There had been major fears after initial plans proposed by Transport Scotland revealed a construction compound, which would house up to 300 workers, would be located close to residential housing at the western edge of Queensferry. The proposals were changed to relocate the compound further west on the opposite side of the proposed motorway which will link the new bridge. Either way, the work site and the associated traffic it would bring would have created traffic chaos for locals in and around that area for the duration of the bridge building process.

In recent weeks, however, the decision to create such a large compound in Queensferry has been withdrawn altogether and it will now be built on the north side of the Forth, close to Rosyth.

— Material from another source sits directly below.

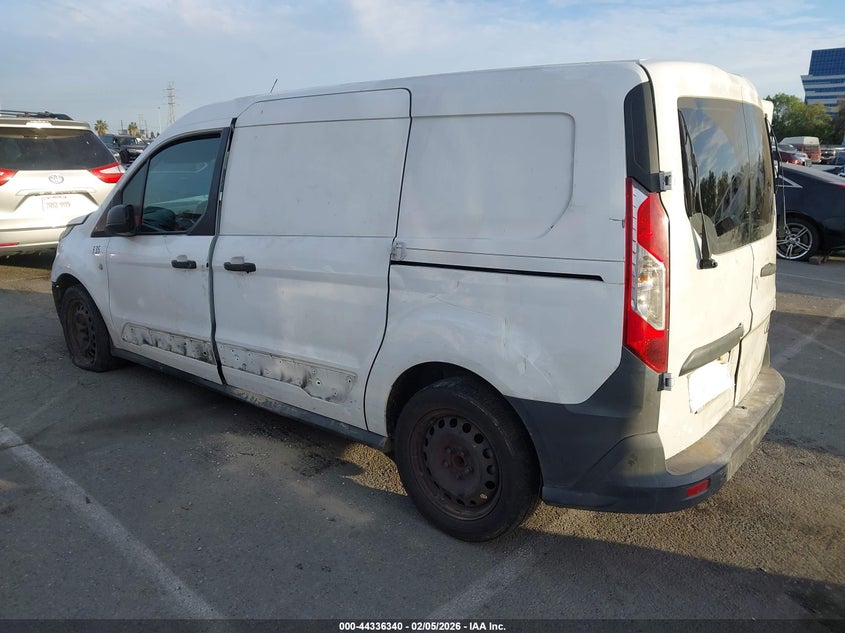 2015 Ford Transit Connect Xl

There are plans, however, to still build a smaller compound for up to 50 workers with temporary storage facilities at Echline Fields.

The news has been welcomed this week by the community who are all thankful that the decision to move the compound over to Fife has been made.

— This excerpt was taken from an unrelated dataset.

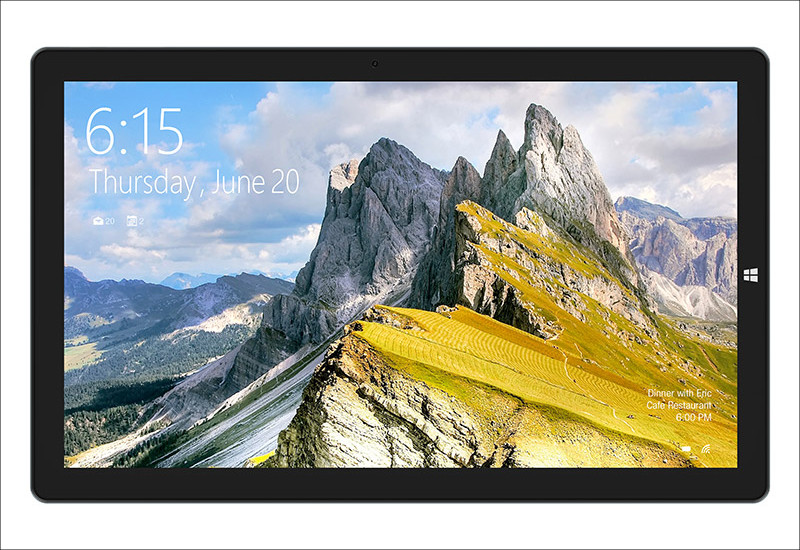Teclast X16（2021）－ 11.6インチと手頃なサイズのSurfaceタイプ2 in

Doug Tait, who lives at Echline Corner and is also vice chairman of BRIGS (Bridge Bridge Replacement Interest Group South) said: “It most definitely is excellent news for a significant number of residents in Linn Mill, Clufflats, Society Road, Springfield and Echline neighbourhoods, who firstly fought strongly against the original siting of the Construction Compound when it was proposed to be located hard up against their residences and then after successfully having it moved further west.

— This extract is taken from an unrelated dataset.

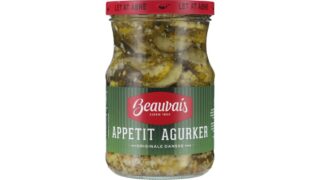 Appetit Agurker, Beauvais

“We understand that Morrison’s, who represent the Constructors Consortium (FCBC), are responsible for the change of heart on this issue, as thankfully they recognised the obvious problems it would incur. Morrison’s have demonstrated a willingness to consult with local communities on construction related issues and they are restoring our faith in logical thinking too.”

Martin Gallagher, vice chairman of Queensferry and District Community Council, added: “It’s good news for residents in Queensferry but potentially not so good, however, for the businesses who could have derived extra business from the workforce being based on this side of the river.”

And Almond councillor Norman Work added: “It is one those quandaries because although the less disruption there is for residents in Springfield and Echline must be welcomed, businesses in Queensferry would be looking forward to more income from workers so it could turn out a win for the residents and a loss for the businesses.”

A spokesman for Transport Scotland also welcomed the change of location, saying: “This will bring significant benefit for residents on the south side of the Forth with considerably lower volumes of site traffic using the permitted routes in the area than was originally envisaged.

“This is an early example of the contractor and Transport Scotland striving to minimise the impacts of essential construction activities on the local community wherever possible.”